◆ **Work to complete**:
Copy out and return the lines from the one holding "A pair of Chinese" to the end of the listing below, both included, omitting the pictures.

◆ **Source data**:
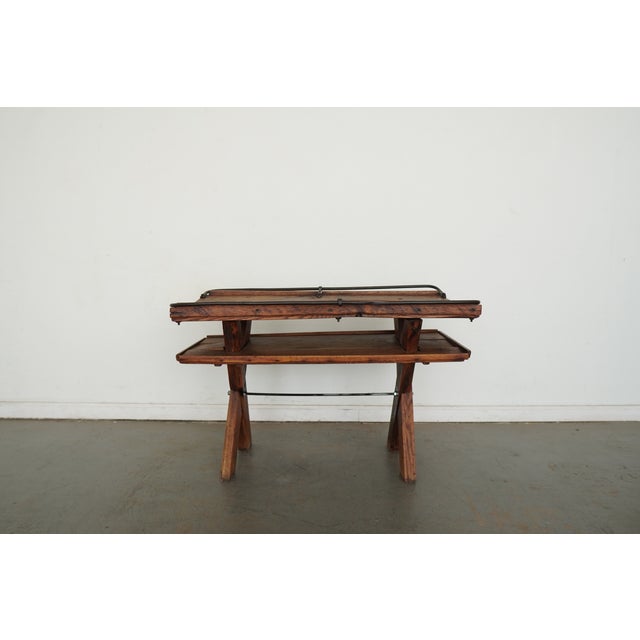 This vintage accent table is crafted from reclaimed wood, produced in the late 20th century using salvaged materials. The...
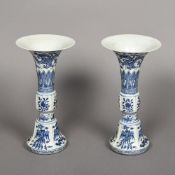 A pair of Chinese blue and white porcelain gu vases Each of typical form decorated with mythical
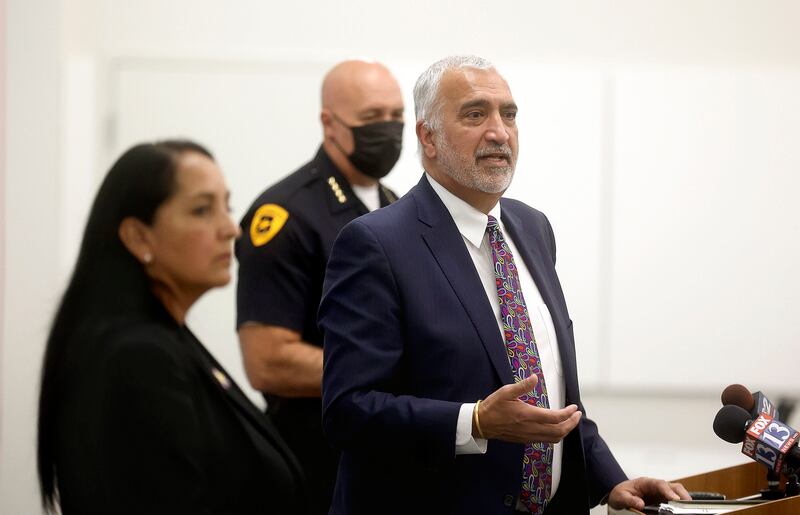 Salt Lake County Sheriff Rosie Rivera, left, and Salt Lake City Police Chief Mike Brown, center, listen as Salt Lake County District Attorney Sim Gill speaks at a press conference at the Salt Lake County District Attorney's Office building in Salt Lake City on Wednesday about a joint effort to reduce gun-related violence by no longer accepting plea bargains for gun-related crimes.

◆ **Exercise response**:
 A pair of Chinese blue and white porcelain gu vases Each of typical form decorated with mythical
 Salt Lake County Sheriff Rosie Rivera, left, and Salt Lake City Police Chief Mike Brown, center, listen as Salt Lake County District Attorney Sim Gill speaks at a press conference at the Salt Lake County District Attorney's Office building in Salt Lake City on Wednesday about a joint effort to reduce gun-related violence by no longer accepting plea bargains for gun-related crimes.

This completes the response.